The remarks, the most dovish from a sitting Fed chair since 2024, triggered an immediate repricing in front-end rates futures, with markets now assigning a 78% probability to a 25-basis-point cut at the September FOMC. The two-year Treasury yield fell 14 basis points to 3.62%, its sharpest single-day drop since November.
Where the buy side is positioned
Multi-strategy hedge funds have been progressively unwinding short-duration exposure since April's softer CPI print. Citadel, Millennium and Point72 are all reported to have moved from short to neutral duration over the past six weeks, according to prime broker positioning data reviewed by Buysiders.
On the long-only side, BlackRock's flagship core bond fund extended duration by 0.6 years in April, its largest single-month duration add since 2020.
What changes next
- Front-end credit spreads are likely to compress further as carry trades re-engage.

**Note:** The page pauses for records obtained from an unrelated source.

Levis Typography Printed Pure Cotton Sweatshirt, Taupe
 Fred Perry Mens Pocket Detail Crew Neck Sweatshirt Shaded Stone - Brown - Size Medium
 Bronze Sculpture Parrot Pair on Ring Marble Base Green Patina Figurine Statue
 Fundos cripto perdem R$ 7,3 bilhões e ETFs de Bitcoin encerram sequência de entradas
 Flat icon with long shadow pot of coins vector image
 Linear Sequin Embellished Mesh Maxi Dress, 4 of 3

- EM hard-currency debt funds are reporting their strongest inflows of the year.
- Private credit GPs are watching the timeline closely: a faster cutting path compresses the spread their funds capture over public credit.
"This is the cleanest setup for fixed income we've seen since 2019," said Bob Michele, CIO of Global Fixed Income at JPMorgan Asset Management, on a call with clients Tuesday afternoon.
"The market has been begging for this confirmation. Powell delivered it."
The September FOMC is now the most-watched meeting since Jackson Hole 2022. Sell-side strategists at Goldman, Morgan Stanley and Citi all revised their year-end forecasts within four hours of the testimony, now expecting between 50 and 75 basis points of cumulative cuts by year-end.